Considering persistently poor scores on the Program for International Student Assessment, which is given to 15-year-old students by the OECD, America’s mediocre ranking in science, math, and reading has US policymakers scrambling for a fix. A recent example is releasing states from No Child Left Behind (NCLB) standards, allowing them to pursue their own accountability and performance measures. (Half of public schools fail to meet NCLB standards, according to a December report by the Center on Education Policy.)
The US needs to go beyond the short-term fixes of voucher programs and charter schools, which may work well for some but neglects others and fails to fix a broken system. The Department of Education’s Equity and Excellence Commission, is a step in the right direction. It uniquely focuses on how education is financed to address disparities in educational opportunity.

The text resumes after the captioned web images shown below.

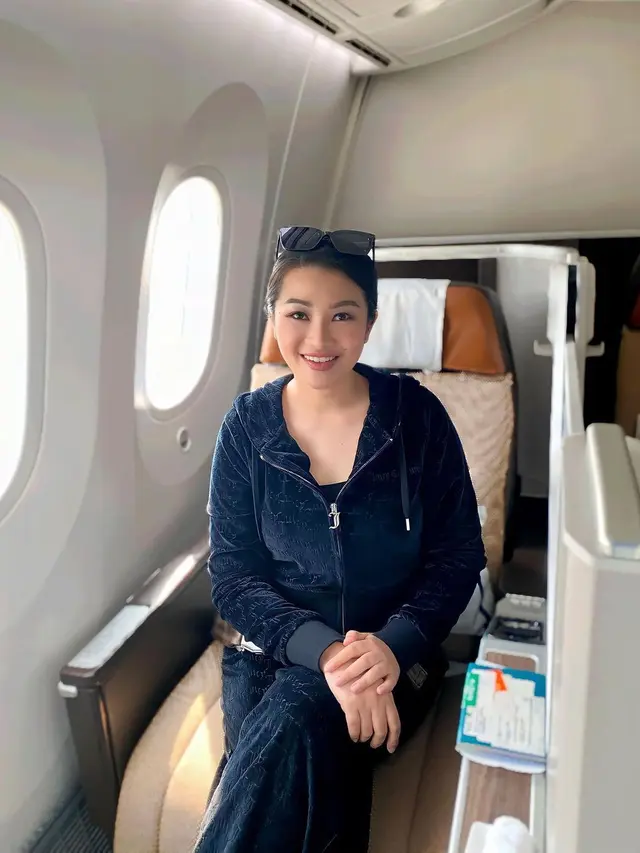 Lepas Rasa Rindu, Ini 7 Potret Fitri Carlina Susul Suami yang Jadi Pilot di Oman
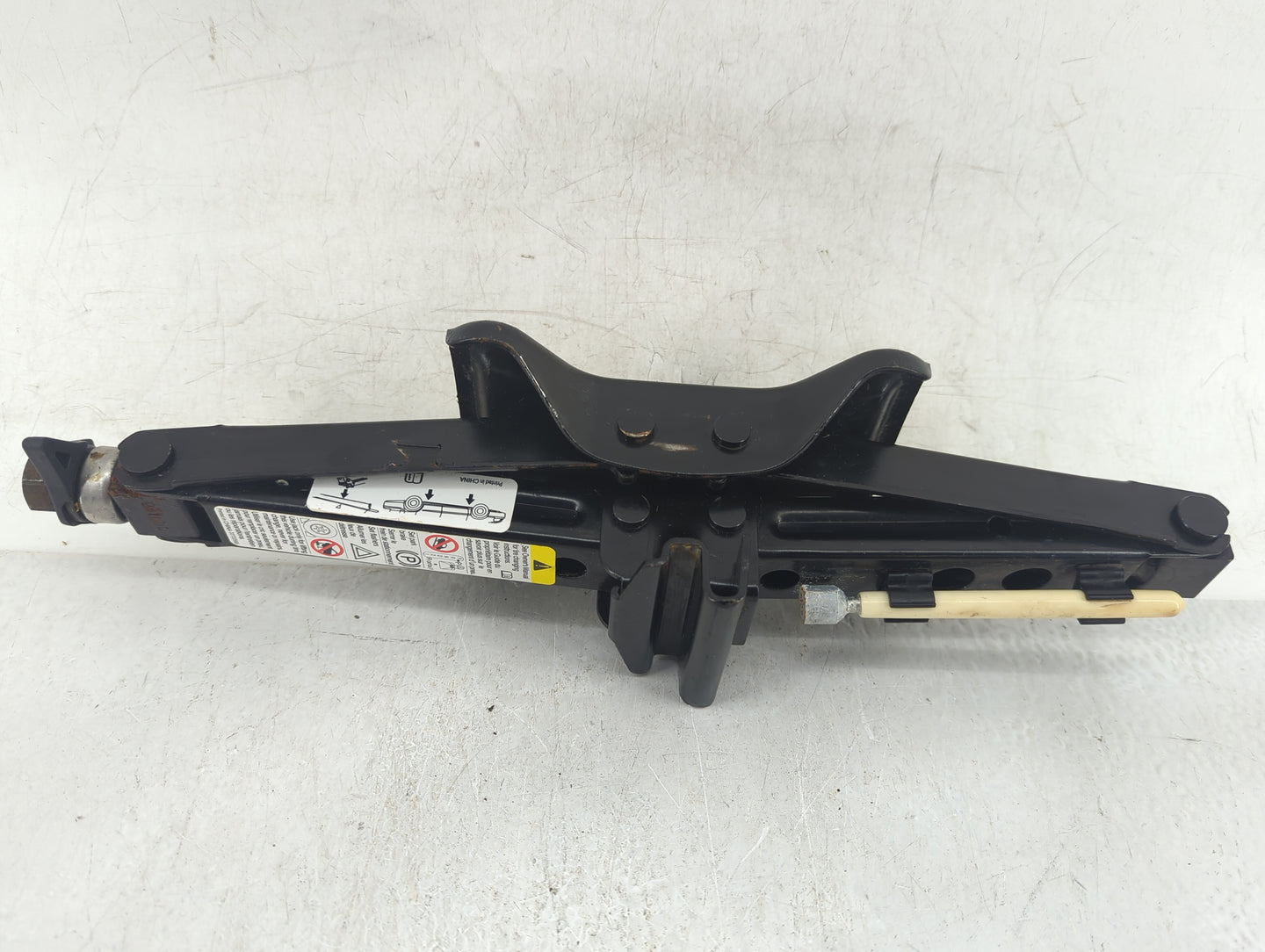 2006 Hummer H3 Spare Scissor Car Jack - Oemusedautoparts1.com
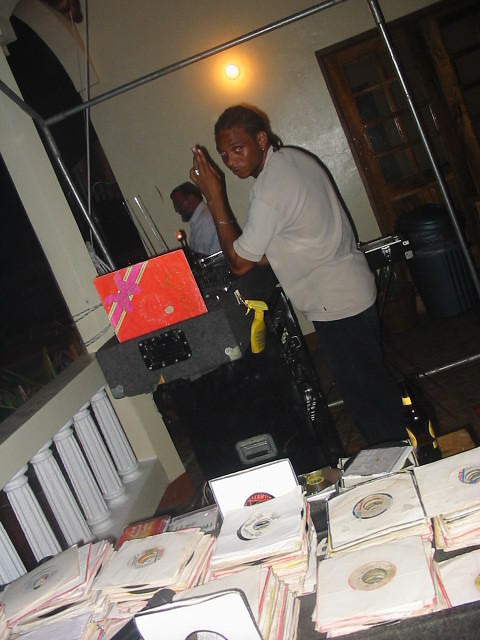 Junior's Super Soul Disco, just look at all those old 45s. BIG UP Junior & Shorty the music as always made the party!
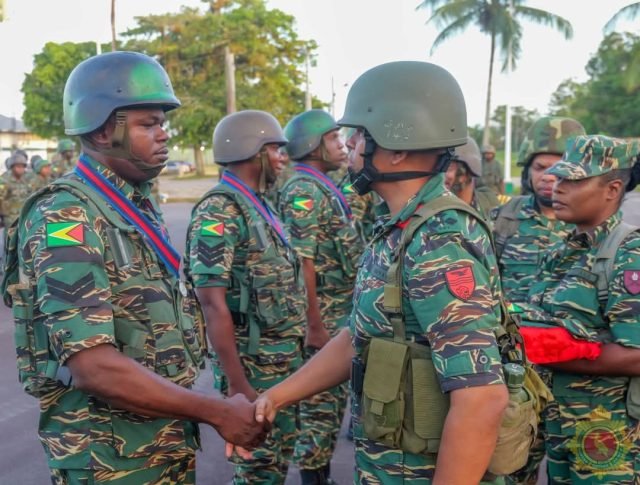 Soldiers attacked by Venezuelan gunmen honoured, promoted for border defence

Meanwhile, a college education is still inaccessible and unaffordable for many. Student debt nearing $1 trillion is testament to this unsustainable trend. The Bill & Melinda Gates Foundation’s focus on community colleges and efforts by governors to nationalize core curriculum standards are encouraging.
Greater educational opportunity and graduation rates correlate with lower levels of violence (see the US Peace Index) thus requiring fewer state funds to respond to violence. But with presidential candidates queuing to further cut the federal role in education and with congressional deficit reduction agendas targeting education funding, vigilance is vital – America’s economic future depends on it.